106. patika/10.11.2002/ "duruşma"

...sessiz ve dargın duruşlu çocuklar...
...şımarmanın en minik kırıntılarını dahi deneylememiş minik ayrıntılar, gözlerdeki o belirgin çekingenliğin sebeplerini anlatamaz hiç...
...elleri, farkında olmadan sarıldıkları, kabukları kabarmış dut ağacıının gövdesine ilişikti...
...korku'dan daha çok, sizden kaynaklanan her şeyi, tahmin etme becerilerini geliştirmekteydiler...
...onlar, sizi sevmek için bakmıyorlardı, size...
...gerçekte, sizden korunma reflekslerini geliştirmek adına, sizi gözlemekteydiler...
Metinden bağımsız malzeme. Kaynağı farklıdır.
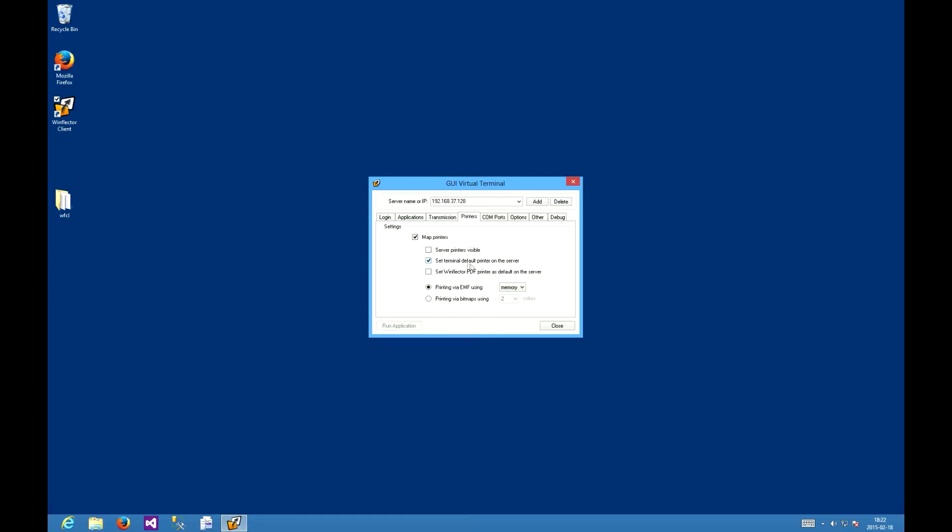The set WinFlector PDF printer as the default on the server behaves as the option above it, except it will default to the WinFlector PDF printer. I'll show you how it works soon.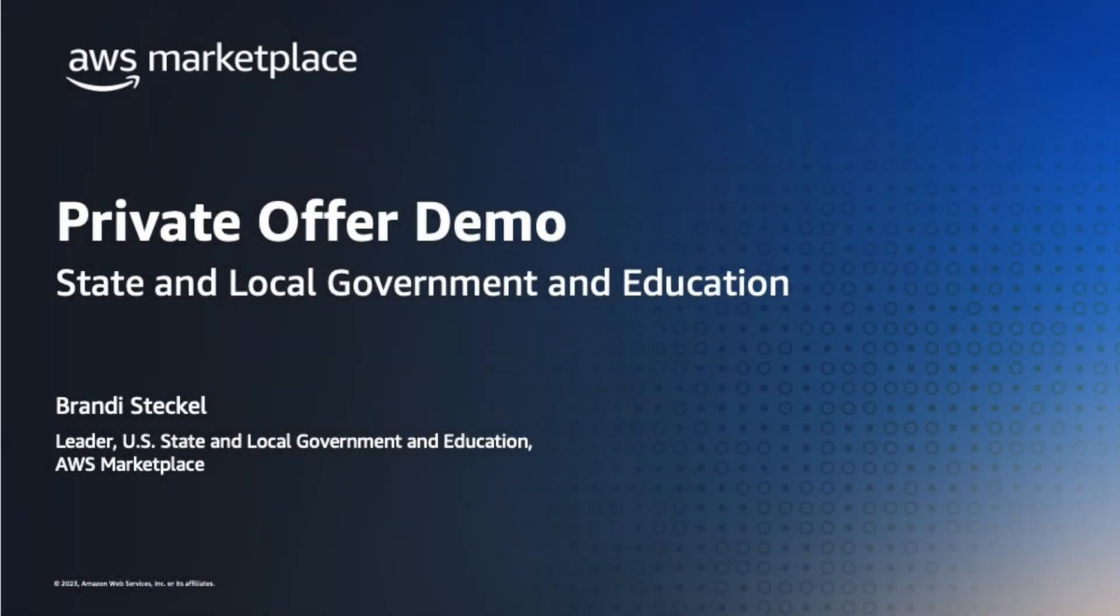AWS Marketplace eases software procurement for state government, local government, as well as education customers.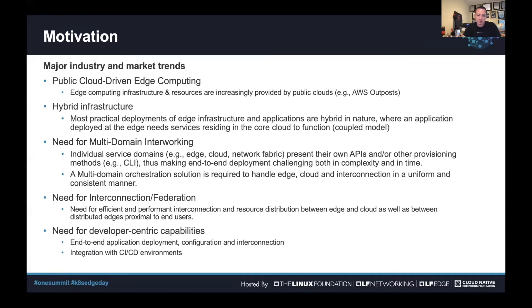We need an orchestrator that understands all of this and leverages a common denominator for infrastructure enablement and application deployment. Terraform, Kubernetes, and Helm could play a great role in this area. Since this is all multi-domain, reliable and performant interconnection between edge and cloud is required. Because this infrastructure targets new applications, developer-centric capabilities are required — the ability to integrate infrastructure design, infrastructure provisioning, and application deployment with CI/CD environments is one of the key requirements.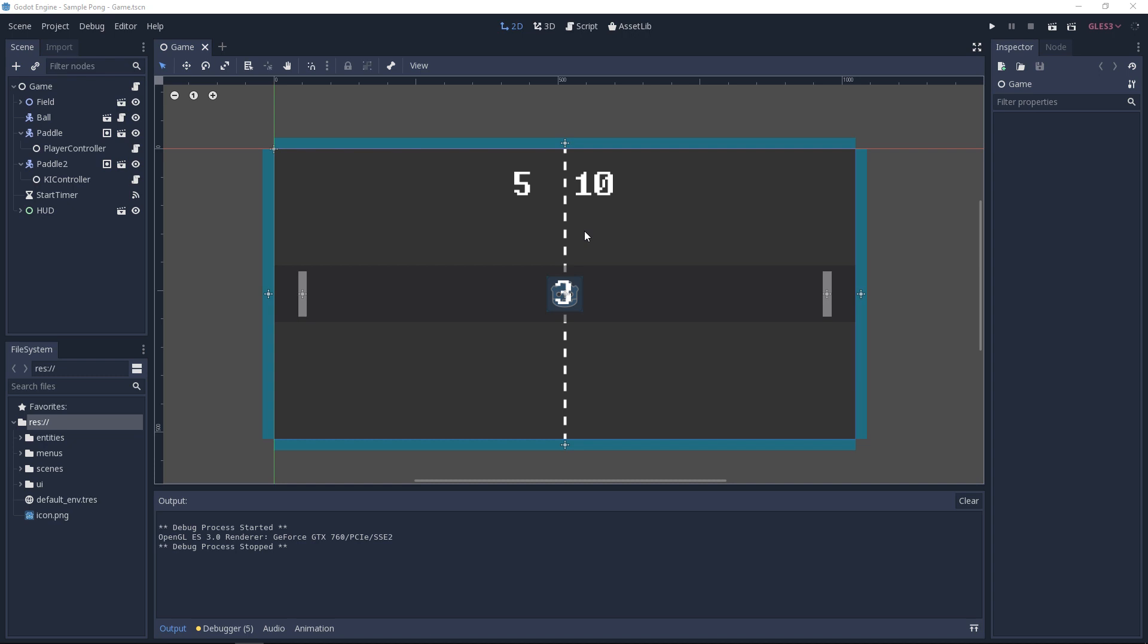Hello and welcome to this first video of the tutorial series in which we develop a simple Pong game with the game engine Godot. I chose Pong because of its simplicity. It is often taken as the first project if you want to gain your first experience in game development. So it is comparable to the classic Hello World which is available in almost every beginner's book for learning a new programming language.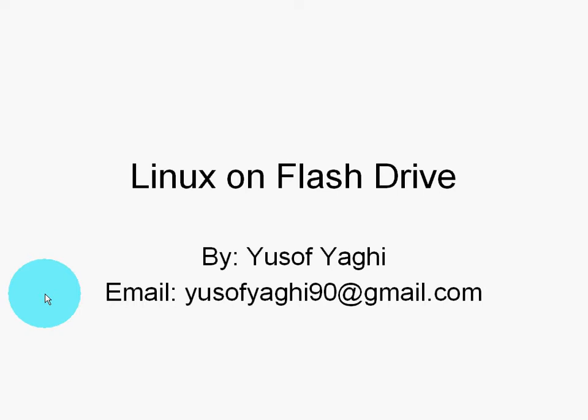Hello, this is a quick tutorial on having Linux on your flash drive. It's by Yusuf Yagi, and my email is yusofyagi90@gmail.com.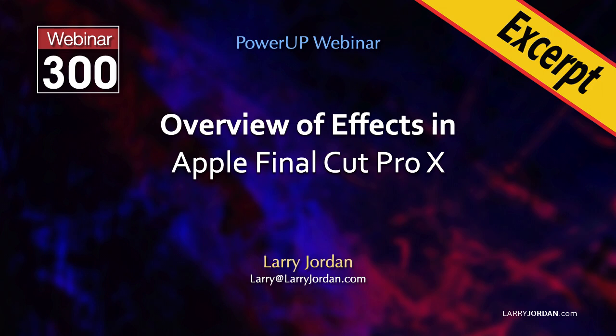This is an excerpt of a recent Power-Up webinar providing an overview of effects in Apple Final Cut Pro X. Hi, my name is Larry Jordan. In this video tutorial, I'll show you how to add and modify keyframes to animate an element.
...ya da sizden kaynaklanabilecek herhangi bir yardım aktivitesi, onlar için sıradanlaşan bir şey değildi; belki onu beklemekteydiler...
...gözleriniz o kadar çok size dönüktü ki; göremiyordunuz...
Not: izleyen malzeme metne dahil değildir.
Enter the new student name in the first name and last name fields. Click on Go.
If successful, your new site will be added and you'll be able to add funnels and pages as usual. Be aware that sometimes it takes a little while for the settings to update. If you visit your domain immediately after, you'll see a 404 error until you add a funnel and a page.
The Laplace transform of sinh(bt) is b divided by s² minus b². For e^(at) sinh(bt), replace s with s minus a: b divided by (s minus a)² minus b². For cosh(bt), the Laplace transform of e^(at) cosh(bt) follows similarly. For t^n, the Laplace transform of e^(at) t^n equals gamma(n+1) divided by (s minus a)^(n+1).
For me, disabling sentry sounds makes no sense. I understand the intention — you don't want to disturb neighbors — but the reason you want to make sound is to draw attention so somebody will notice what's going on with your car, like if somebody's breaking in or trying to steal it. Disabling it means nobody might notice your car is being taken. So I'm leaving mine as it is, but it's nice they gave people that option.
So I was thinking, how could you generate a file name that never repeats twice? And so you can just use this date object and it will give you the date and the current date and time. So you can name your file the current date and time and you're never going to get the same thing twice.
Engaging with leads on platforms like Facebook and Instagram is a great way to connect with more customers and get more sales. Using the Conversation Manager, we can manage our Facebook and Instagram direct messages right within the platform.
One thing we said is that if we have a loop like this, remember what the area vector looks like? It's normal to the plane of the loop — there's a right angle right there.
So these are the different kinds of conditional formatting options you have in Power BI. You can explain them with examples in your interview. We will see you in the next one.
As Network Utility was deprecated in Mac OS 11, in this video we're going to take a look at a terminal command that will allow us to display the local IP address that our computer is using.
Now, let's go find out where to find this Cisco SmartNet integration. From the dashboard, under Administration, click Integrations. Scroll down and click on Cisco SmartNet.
...kulaklarınız sizi dinliyordu; dışarıdaki sesleri duymuyordunuz...
...her yer yeterince sizin içindi...
...başka seslerin-nefeslerin haklarını bilmekliğiniz şart değildi; kimse bunun hesabını size sormayacak mıydı?...
...'hesap vermek' dedikleri, bir kaç damla göz yaşından ve pişmanlıklardan müteşekkil bir duruşma mıydı, tek?...
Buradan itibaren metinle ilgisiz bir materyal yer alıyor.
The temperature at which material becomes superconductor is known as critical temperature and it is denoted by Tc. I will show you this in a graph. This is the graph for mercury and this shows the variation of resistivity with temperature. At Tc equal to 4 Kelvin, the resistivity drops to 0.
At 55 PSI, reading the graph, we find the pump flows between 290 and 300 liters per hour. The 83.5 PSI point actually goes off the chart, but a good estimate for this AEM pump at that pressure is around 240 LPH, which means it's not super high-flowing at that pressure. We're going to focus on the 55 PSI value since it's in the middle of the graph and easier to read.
...sizin dahi unuttuklarınız, unutmak istediklerinizi içeriyor ya hani...
...hani; biri hatırlatır, diye korkudan aklınızı kaçıracak olursunuz bazen...
...hiç kimse bilmesin, diye sakladıklarınız nerede?...
...gelecekte siz nerede olacaksınız?...
...bilmekte misiniz?...
...insanlar o kadar çok unutulmayı hak etmekteler ki; ama onları unutmak, onları sonsuz cezasızlıkla ödüllendirmek demektir...
...onlar asla unutulmayacaklar; unutulacak kadar etkisiz ve güçsüz değildiler, çünkü...
...çocuklar, evet!....
...öne doğru çıksınlar artık; gözlerinde biriken merakı gidermek gerek...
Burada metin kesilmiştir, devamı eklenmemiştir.